What you are asked to do:
Retype exactly the lines of the listing below from the one with "As Maquinações Do" through the last, both included, and leave every picture out.
======== Data segment ========
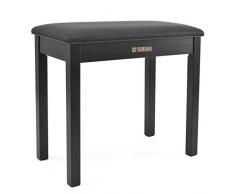 Yamaha B1-B Klavierhocker, Schwarz
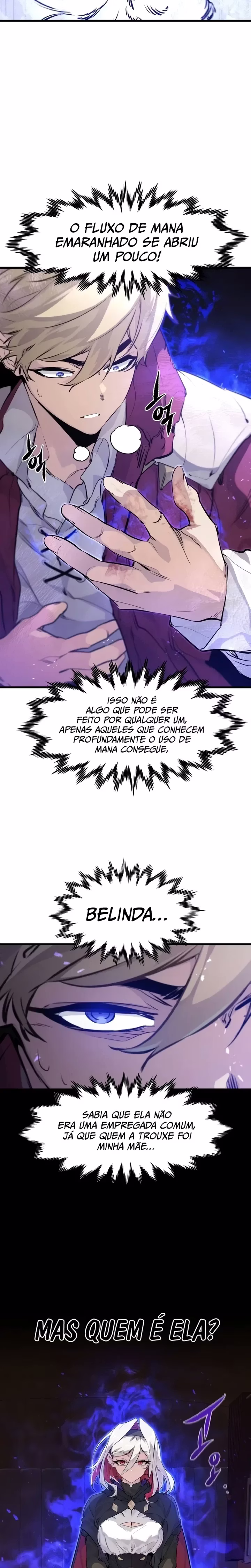 As Maquinações Do Mercenário Regressado Capitulo 13 Pagina 17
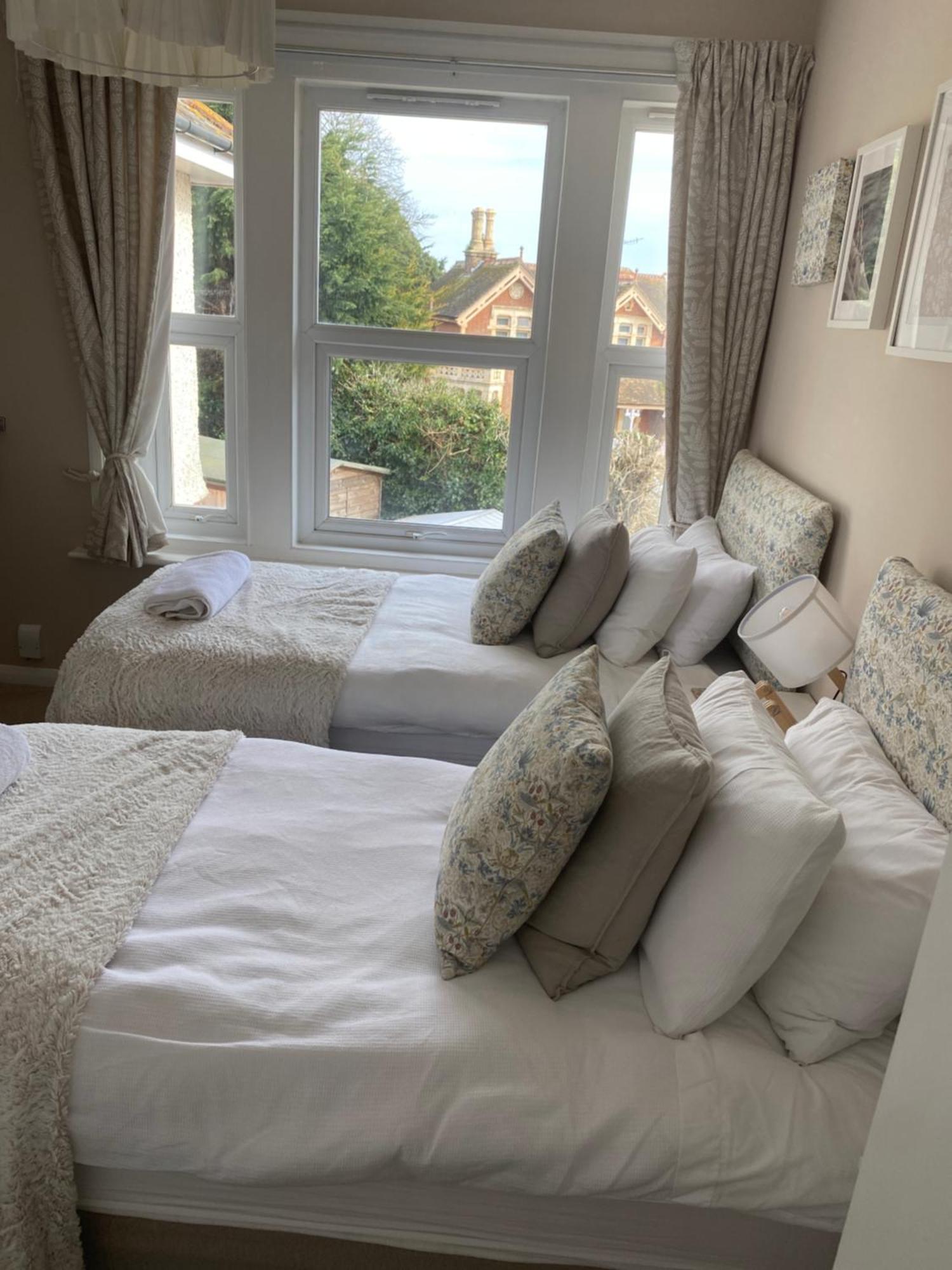 Poole Park House Otel Dış mekan fotoğraf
========
Solution to this problem:
 As Maquinações Do Mercenário Regressado Capitulo 13 Pagina 17
 Poole Park House Otel Dış mekan fotoğraf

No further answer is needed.